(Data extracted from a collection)
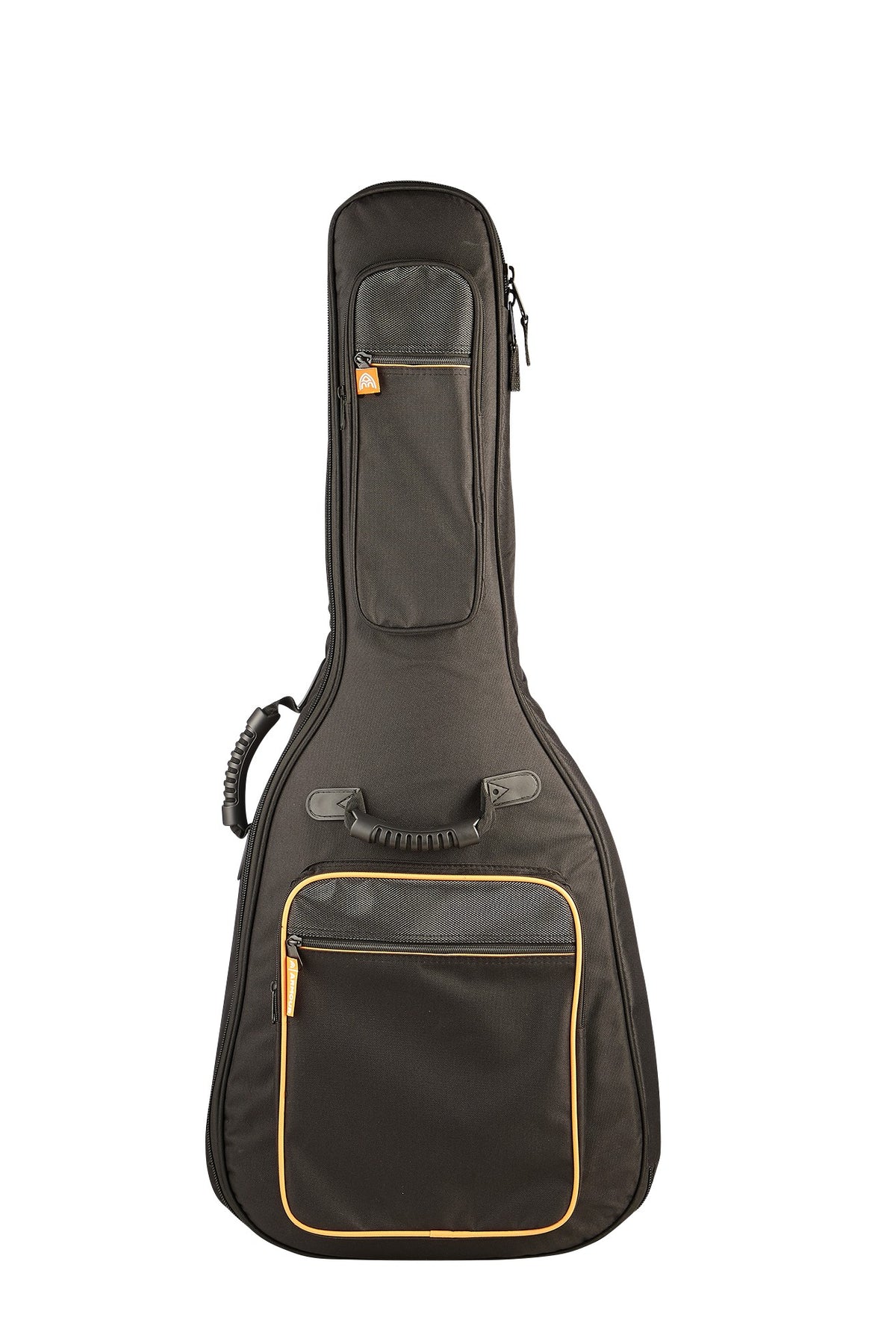 Funda Guitarra Clasica Ashton Armour Acolchado 25mm ARM2000C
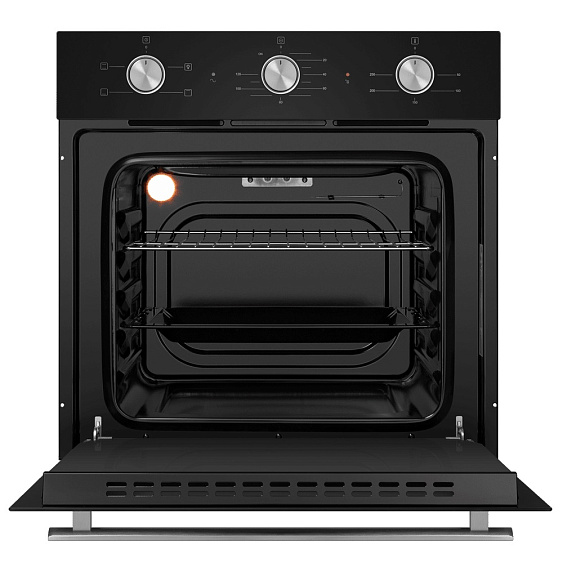 Духовой шкаф Maunfeld AEOC604B (preview 5)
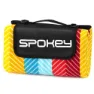 Spokey Grain Piknikteppe, Multicolor, 150 x 130cm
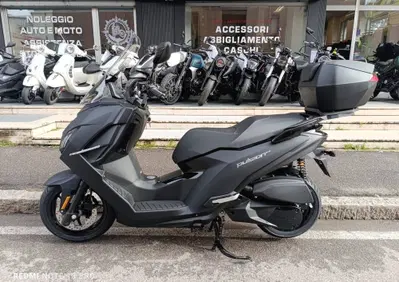 Peugeot Pulsion 125 EVO (2026) - Annuncio 9935765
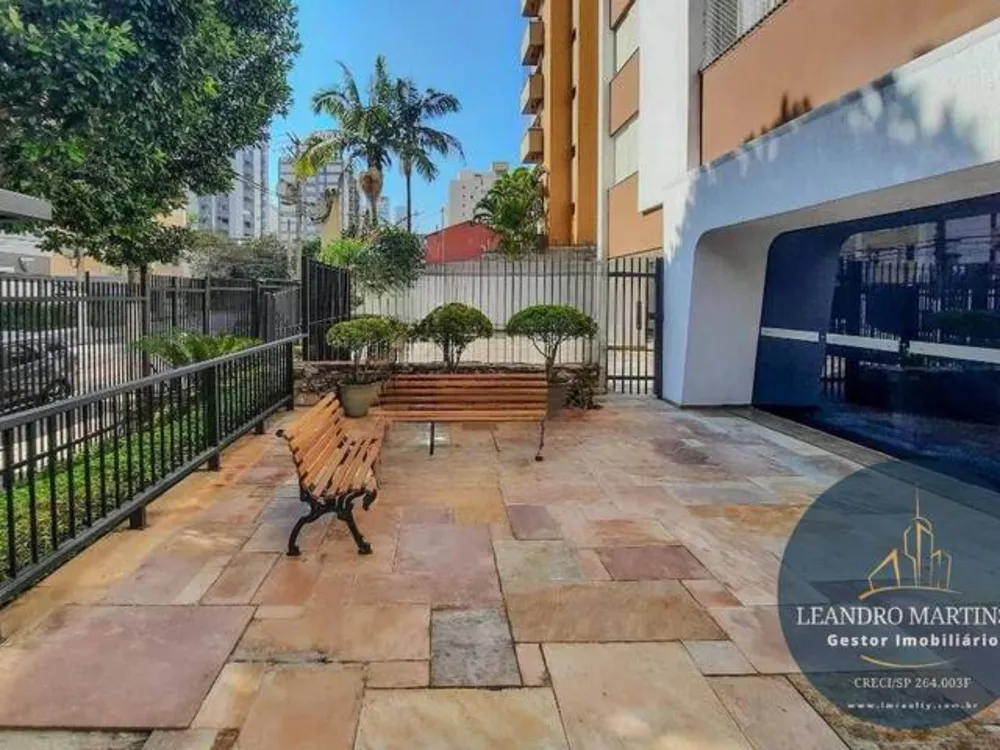 Apartamento, 2 quartos, 131 m² - Foto 4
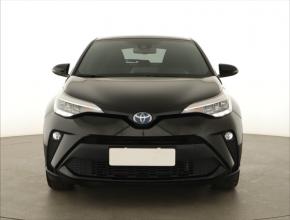 Toyota C-HR  1.8 Hybrid 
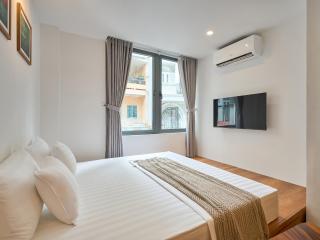 Saigon Nightlife Residences-Fully Furnished with Elevator-Rooftop 100m2 - Ho Chi Minh - 0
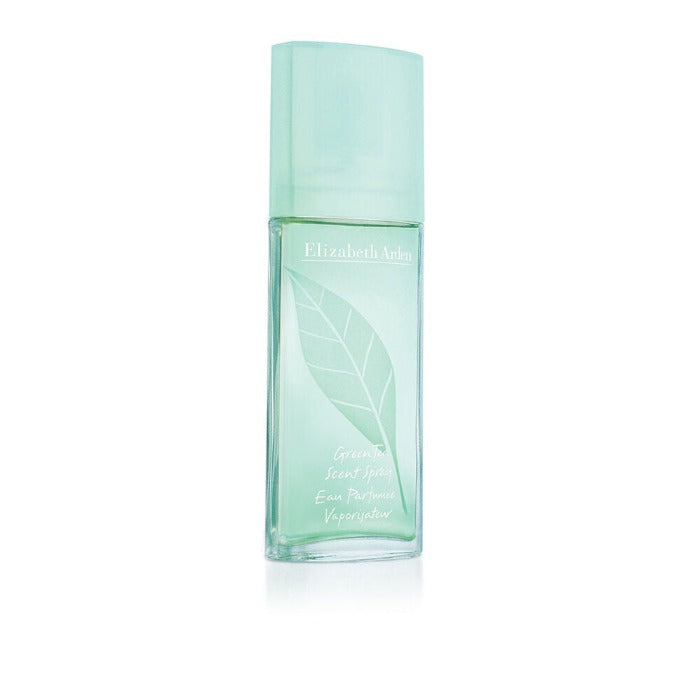 GreenTea - Parfum - Maroc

> _WORK INSTRUCTIONS_
The entries are to be written out again exactly, without their pictures.

> _SOLUTION FOR THIS EXERCISE_
 Funda Guitarra Clasica Ashton Armour Acolchado 25mm ARM2000C
 Духовой шкаф Maunfeld AEOC604B (preview 5)
 Spokey Grain Piknikteppe, Multicolor, 150 x 130cm
 Peugeot Pulsion 125 EVO (2026) - Annuncio 9935765
 Apartamento, 2 quartos, 131 m² - Foto 4
 Toyota C-HR  1.8 Hybrid 
 Saigon Nightlife Residences-Fully Furnished with Elevator-Rooftop 100m2 - Ho Chi Minh - 0
 GreenTea - Parfum - Maroc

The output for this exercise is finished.